For comparison, Starbucks has just over 1,000 loyalty members for each of the company’s U.S. locations.
There will be some evolutions in the coming years for the brand, with a focus on off-premises operations such as catering and bulk chicken salad, known as Quick Chick in the company.
“Because the product is made from scratch with no additives or preservatives, there’s a limited shelf life of about five days. That sets us up really well for Quick Chick,” said Deviney. “That helps our average ticket be higher than our competitors because people come in and get a salad for lunch but get more to take home for dinner.”
Right now, the to-go offering accounts for about 25 percent of the business, but Deviney is eyeing larger refrigerators to expand the offering and put bulk sides out front as well.

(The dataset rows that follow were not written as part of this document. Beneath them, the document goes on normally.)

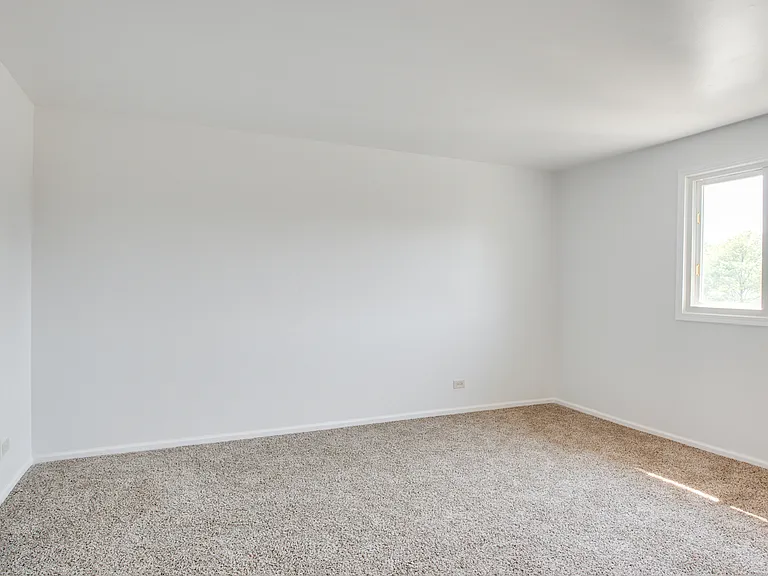 889 Heatherbrook Ct — Photo 14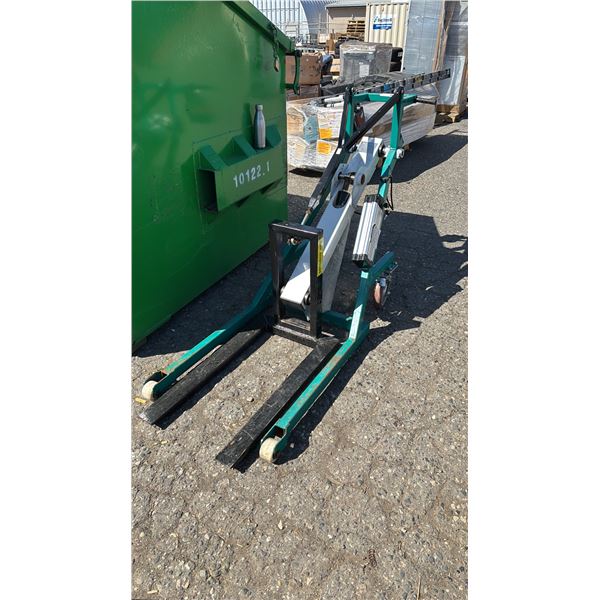 PORTABLE ELECTRIC PALLET JACK WITH BATTERY & KEYS - 1000KG CAPACITY (UNKNOWN WORKING CONDITION)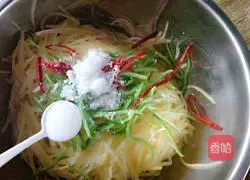 Illustration of how to stir-fry shredded potatoes 16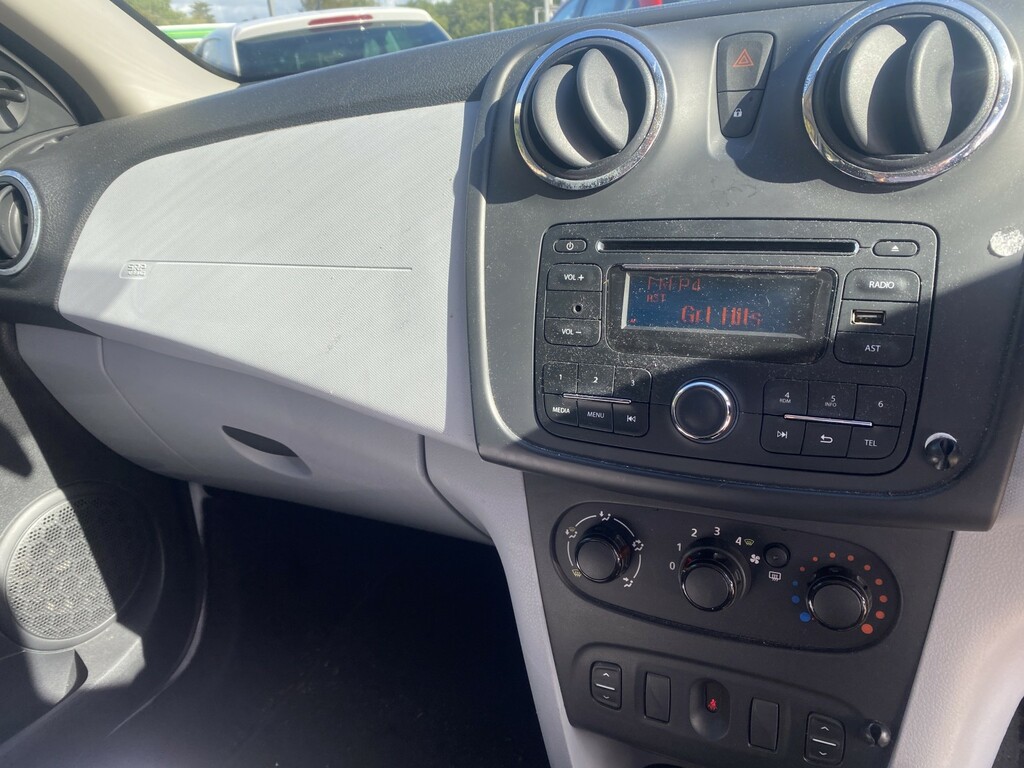 Dacia Sandero 1.2 Ambiance White #5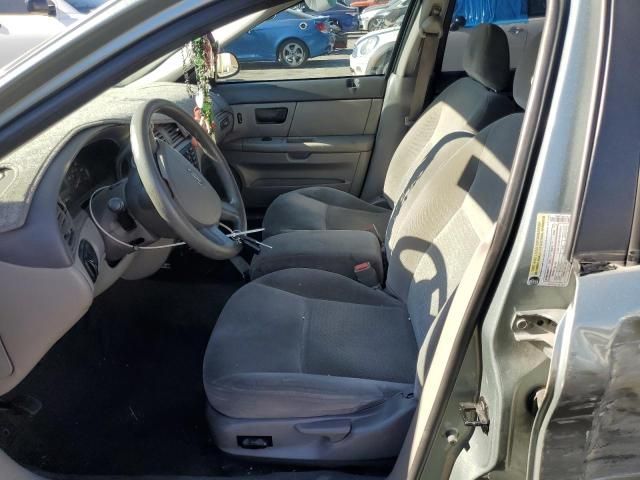 2006 Ford Taurus SE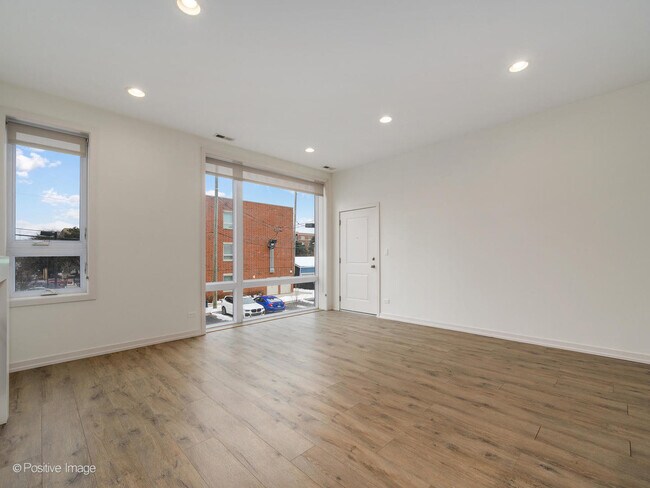 Foto del edificio - 4111 N Narragansett Ave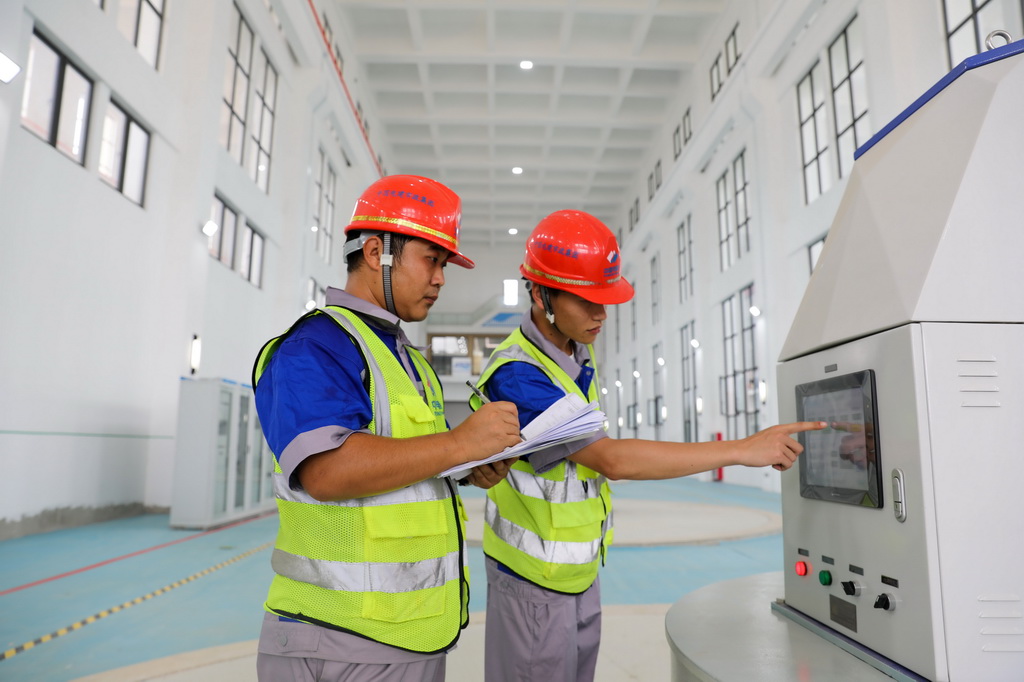 7月27日,引江濟淮鳳凰頸泵站工作人員在調試設備。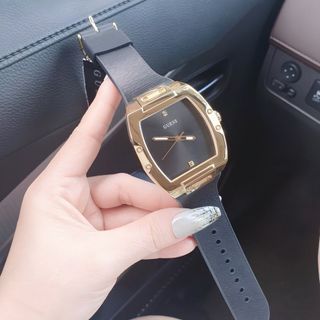 ĐỒNG HỒ NAM CAO CẤP GUECC DÂY DA ĐEN MẶT TRƠN NIỀNG THÉP VÀNG FULLBOX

Behind the counter, there have been a lot of tech updates, such as a new tablet-based point of sale system that allows for deeper connectivity for digital ordering and other third-party tools. That makes the push toward sophisticated off-premises offerings simpler, especially catering.
“We’ve been in the business but we haven’t focused as much as we have this year. So it’s looking at that holistically to see what we should be offering and what does the sales cycle look like,” said Deviney.
There’s clearly a lot going on at the concept, and now with Brentwood on board Deviney said he’s eager to return from six months of finance work. “Now that that’s done, I can get back to the real job,” he said.